- WHAT IS BEING ASKED -
Write the listing below out again in full, dropping its pictures.

- INPUT DATA -
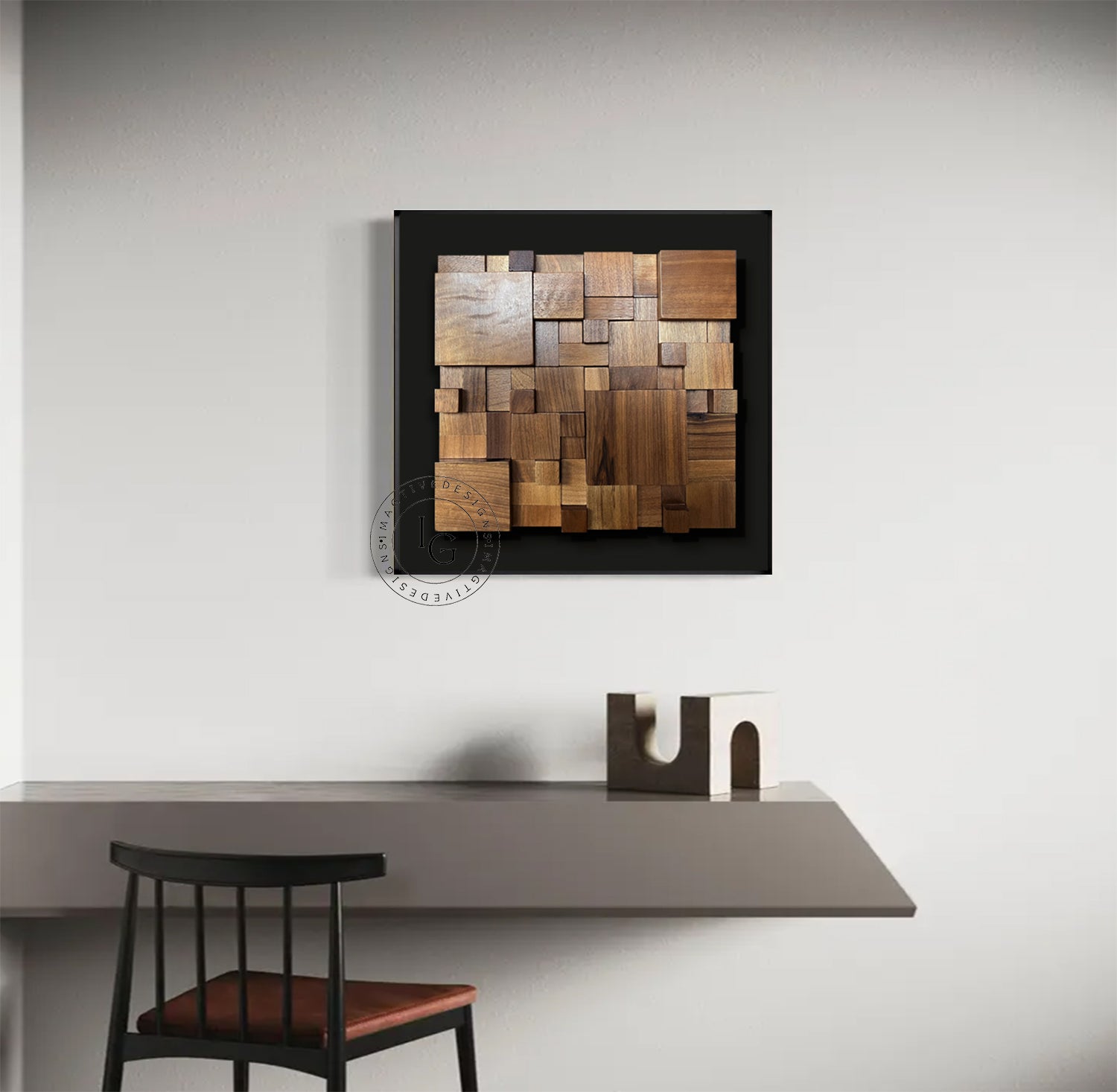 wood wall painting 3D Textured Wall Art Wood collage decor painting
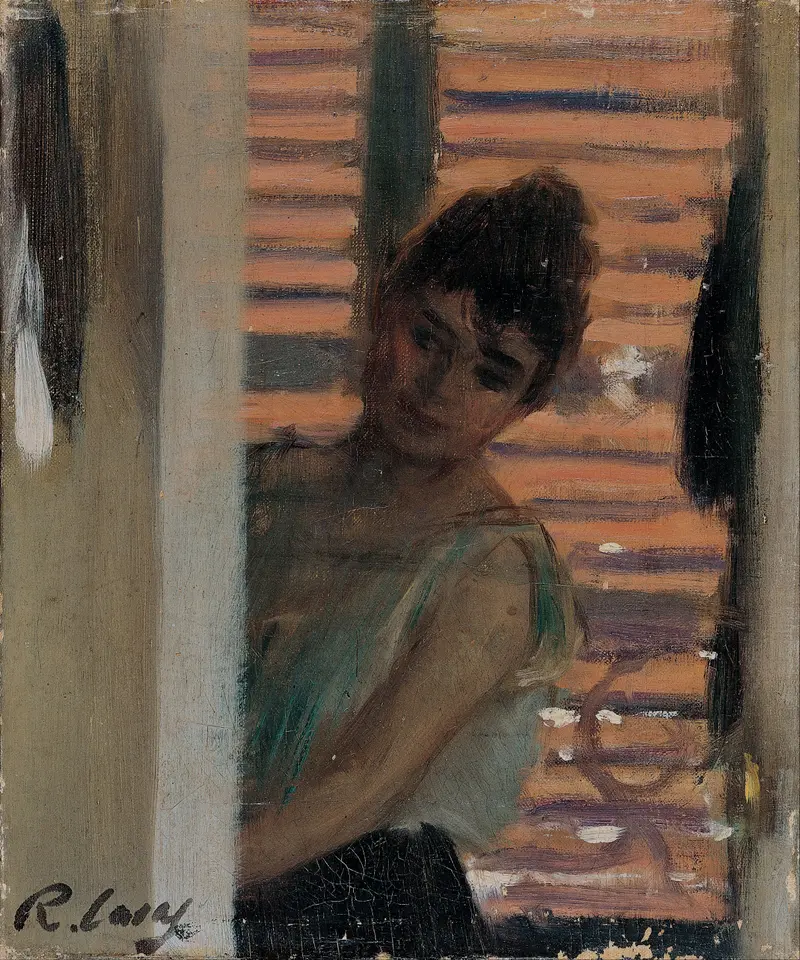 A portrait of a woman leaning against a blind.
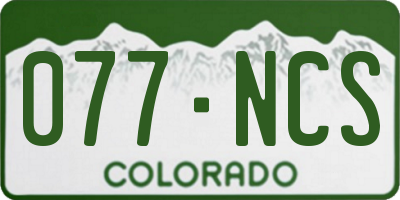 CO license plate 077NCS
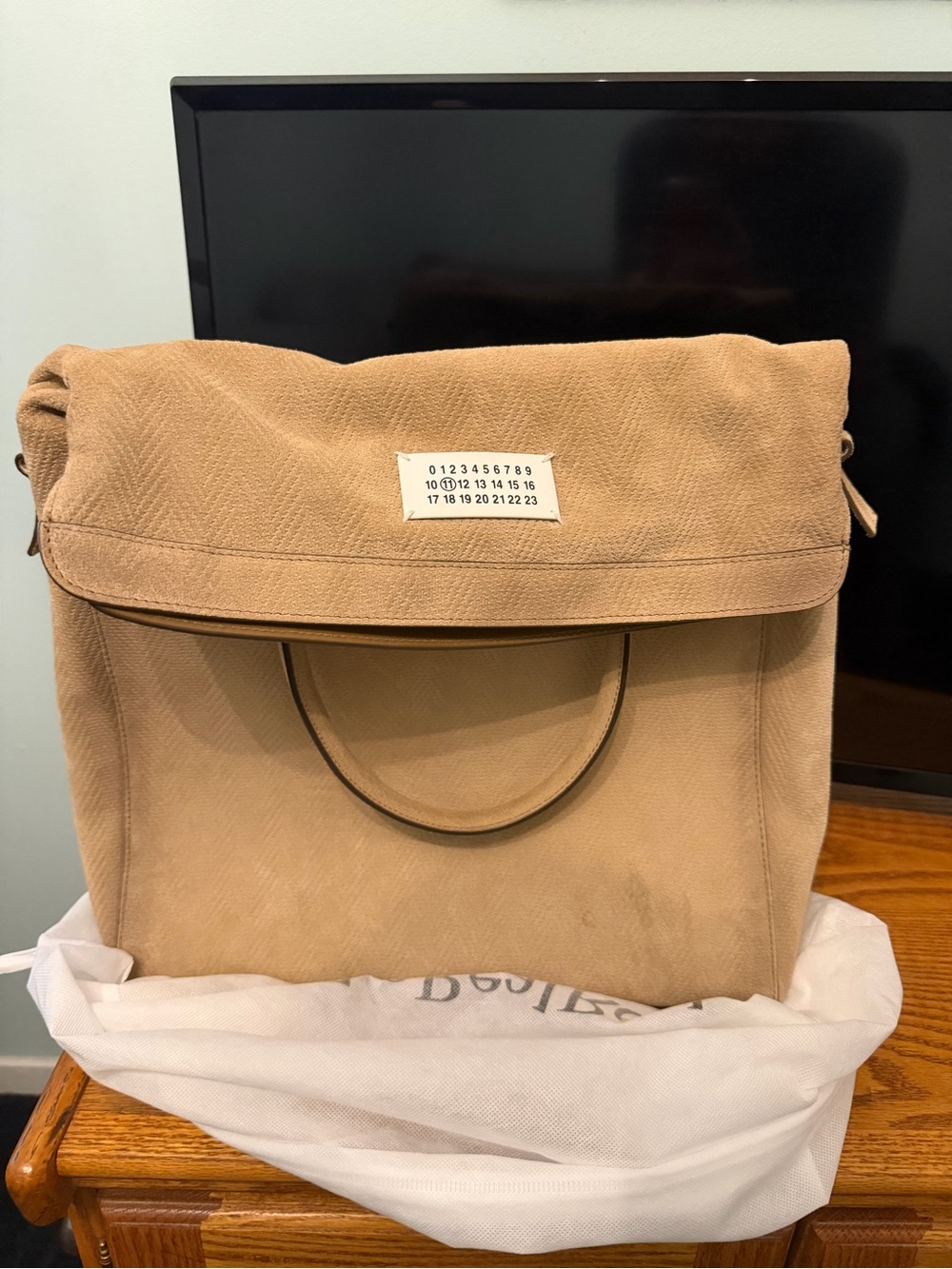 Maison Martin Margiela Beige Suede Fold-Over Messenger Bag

- EXERCISE SOLUTION -
 wood wall painting 3D Textured Wall Art Wood collage decor painting
 A portrait of a woman leaning against a blind.
 CO license plate 077NCS
 Maison Martin Margiela Beige Suede Fold-Over Messenger Bag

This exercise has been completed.